Das Nachrücker-Problem könnte auch mit der Organisation der Gemeinderatsarbeit zusammenhängen. Aus Beobachtersicht fallen zwei Aspekte auf. Zum einen verbringen die Gemeinderäte enorm viel Zeit mit Baurechtsfragen, obwohl sie in dem Gebiet meist Laien sind und das Landratsamt letztlich entscheidet. Drängende lokale Probleme bleiben währenddessen liegen. Hinzu kommt eine Kommunikationskultur, die, um es vorsichtig zu formulieren, nicht immer konstruktiv und lösungsorientiert ist. Unter diesen Bedingungen bleiben eher die Machtbewussten mit einem dicken Fell übrig. – Ob das für die Sache zum Besten ist, steht auf einem anderen Blatt.
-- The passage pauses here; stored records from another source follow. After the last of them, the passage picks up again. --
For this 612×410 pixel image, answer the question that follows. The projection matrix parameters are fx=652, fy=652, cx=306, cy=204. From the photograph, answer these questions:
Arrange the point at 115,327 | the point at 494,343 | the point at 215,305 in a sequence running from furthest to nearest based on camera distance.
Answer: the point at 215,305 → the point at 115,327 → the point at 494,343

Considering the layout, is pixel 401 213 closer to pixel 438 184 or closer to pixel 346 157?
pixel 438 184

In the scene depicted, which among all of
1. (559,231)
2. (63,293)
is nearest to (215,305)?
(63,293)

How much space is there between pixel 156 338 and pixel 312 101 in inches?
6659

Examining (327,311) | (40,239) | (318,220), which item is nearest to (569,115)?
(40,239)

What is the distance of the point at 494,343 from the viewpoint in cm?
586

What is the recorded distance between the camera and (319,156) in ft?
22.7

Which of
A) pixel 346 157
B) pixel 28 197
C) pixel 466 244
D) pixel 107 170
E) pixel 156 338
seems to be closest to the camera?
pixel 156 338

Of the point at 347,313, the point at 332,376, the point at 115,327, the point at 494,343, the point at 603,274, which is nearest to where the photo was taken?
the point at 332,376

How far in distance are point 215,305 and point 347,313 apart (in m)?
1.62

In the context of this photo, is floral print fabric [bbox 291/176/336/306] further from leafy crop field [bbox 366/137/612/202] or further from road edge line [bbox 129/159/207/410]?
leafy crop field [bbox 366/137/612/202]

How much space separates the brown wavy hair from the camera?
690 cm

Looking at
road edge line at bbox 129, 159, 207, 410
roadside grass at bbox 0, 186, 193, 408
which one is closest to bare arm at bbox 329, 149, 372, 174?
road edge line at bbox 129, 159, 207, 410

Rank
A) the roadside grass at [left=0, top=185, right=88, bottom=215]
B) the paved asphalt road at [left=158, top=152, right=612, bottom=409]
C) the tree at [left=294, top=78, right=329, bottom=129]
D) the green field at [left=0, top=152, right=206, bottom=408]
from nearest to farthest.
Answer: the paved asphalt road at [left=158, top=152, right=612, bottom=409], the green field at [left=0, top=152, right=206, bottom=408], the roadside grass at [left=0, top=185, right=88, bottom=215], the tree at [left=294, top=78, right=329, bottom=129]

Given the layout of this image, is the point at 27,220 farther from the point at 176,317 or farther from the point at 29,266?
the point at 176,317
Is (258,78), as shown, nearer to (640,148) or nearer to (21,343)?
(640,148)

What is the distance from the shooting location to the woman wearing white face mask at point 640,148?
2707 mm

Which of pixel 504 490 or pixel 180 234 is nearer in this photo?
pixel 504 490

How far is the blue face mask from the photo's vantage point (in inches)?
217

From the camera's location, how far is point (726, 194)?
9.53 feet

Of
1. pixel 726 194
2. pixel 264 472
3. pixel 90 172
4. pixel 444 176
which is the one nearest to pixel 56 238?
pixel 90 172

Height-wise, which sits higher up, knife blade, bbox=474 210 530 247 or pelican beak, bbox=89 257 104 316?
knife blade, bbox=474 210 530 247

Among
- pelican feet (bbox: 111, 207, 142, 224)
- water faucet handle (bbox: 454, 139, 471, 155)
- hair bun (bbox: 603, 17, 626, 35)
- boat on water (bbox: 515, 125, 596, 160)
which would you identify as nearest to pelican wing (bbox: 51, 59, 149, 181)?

Eine Besserung ist kaum zu erwarten, wenn ab März 2026 die AfD mit einem bis zu mehreren Sitzen vertreten sein dürfte. Die Partei fällt in nahezu allen deutschen Gremien durch ein zielgerichtet destruktives Vorgehen auf. Der Gemeindetagspräsident warnt, dass ein einziges Mandat genügen könne, um die Arbeit erheblich zu erschweren – etwa durch eine hohe Zahl von Geschäftsordnungsanträgen. Prognosen sagen der AfD 14 bis 19 Prozent voraus. Wie viele konstruktiv orientierte Kandidaten die mit der Radikalisierung einhergehende absehbare Verschlechterung gut aushalten, das wird sich zeigen müssen.
7 Absagen wenn ein Nachrücker gebraucht wird ... hört sich schon arg an.
Allerdings erkennen wir hier auch mal einen Nachteil von langen Amtsperioden.
Die Vorteile wie beispielsweise auf Dauer geringere Wahlkosten, oder 6 Jahre stabile Verhältnisse für Sachpolitik statt von einem Wahlkampf in den nächsten gehen zu müssen ... diese und andere Vorteile liegen auf der Hand.
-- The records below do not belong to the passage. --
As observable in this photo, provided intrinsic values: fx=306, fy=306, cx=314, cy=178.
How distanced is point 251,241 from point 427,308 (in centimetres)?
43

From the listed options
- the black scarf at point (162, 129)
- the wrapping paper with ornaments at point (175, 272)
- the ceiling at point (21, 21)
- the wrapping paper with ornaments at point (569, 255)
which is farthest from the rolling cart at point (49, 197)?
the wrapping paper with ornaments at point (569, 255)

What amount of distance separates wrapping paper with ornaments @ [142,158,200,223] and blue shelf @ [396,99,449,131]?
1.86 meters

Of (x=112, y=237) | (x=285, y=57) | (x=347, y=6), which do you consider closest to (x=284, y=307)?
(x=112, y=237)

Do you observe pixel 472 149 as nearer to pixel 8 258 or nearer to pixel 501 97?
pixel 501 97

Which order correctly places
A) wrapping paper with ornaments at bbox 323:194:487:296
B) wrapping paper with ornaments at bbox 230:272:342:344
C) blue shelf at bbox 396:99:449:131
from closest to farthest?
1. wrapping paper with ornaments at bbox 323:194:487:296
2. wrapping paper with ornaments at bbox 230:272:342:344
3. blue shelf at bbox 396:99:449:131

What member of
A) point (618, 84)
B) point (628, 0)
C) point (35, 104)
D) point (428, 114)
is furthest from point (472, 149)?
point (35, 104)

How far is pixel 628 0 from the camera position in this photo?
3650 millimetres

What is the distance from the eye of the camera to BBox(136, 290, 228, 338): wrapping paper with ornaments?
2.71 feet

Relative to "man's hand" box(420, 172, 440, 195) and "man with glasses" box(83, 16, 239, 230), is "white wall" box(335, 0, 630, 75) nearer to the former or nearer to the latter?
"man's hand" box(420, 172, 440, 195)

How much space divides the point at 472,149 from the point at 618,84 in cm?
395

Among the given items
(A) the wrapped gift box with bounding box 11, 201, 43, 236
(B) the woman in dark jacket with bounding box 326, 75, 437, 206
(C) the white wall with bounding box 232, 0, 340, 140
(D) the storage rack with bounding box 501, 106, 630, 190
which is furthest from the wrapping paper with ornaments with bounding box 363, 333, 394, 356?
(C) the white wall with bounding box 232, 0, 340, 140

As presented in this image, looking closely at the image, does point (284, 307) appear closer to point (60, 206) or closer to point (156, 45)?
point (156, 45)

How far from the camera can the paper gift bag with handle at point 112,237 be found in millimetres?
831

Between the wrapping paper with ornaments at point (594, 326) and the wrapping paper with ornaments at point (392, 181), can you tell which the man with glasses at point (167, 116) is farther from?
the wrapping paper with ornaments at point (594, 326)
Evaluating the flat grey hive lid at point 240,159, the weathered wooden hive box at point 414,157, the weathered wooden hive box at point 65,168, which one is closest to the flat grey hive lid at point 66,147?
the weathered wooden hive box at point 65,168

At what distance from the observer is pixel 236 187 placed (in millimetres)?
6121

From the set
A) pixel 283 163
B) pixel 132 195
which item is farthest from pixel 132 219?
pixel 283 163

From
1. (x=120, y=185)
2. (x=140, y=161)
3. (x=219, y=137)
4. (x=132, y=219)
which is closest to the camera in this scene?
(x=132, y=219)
Aber wenn man eben doch nicht gewählt wurde, kann man nicht verlangen, dass man sich bis zu 6 Jahre lang auf Abruf bereit hält.
In der Zwischenzeit ändert sich in jedem Lebenslauf einiges, und man geht eben auch andere VERPFLICHTUNGEN neu ein, die man dann auch nicht enttäuschen darf.

Sehr viel unglücklicher lief es da wohl in den letzten Jahren im benachbarten Pähl mit deren Bürgermeisterkandidaten.
So gesehen, ist in Tutzing noch vieles in Ordnung.

Nachtrag:
Und diesen speziellen Typ Karrierepolitiker, der sich gar keine anderen Lebensalternativen zur politischen Laufbahn vorstellen kann, und dafür bereit ist alles mitzumachen (oder sollte man sagen alles über Bord zu werfen?) ... wollen wir solche Typen wirklich?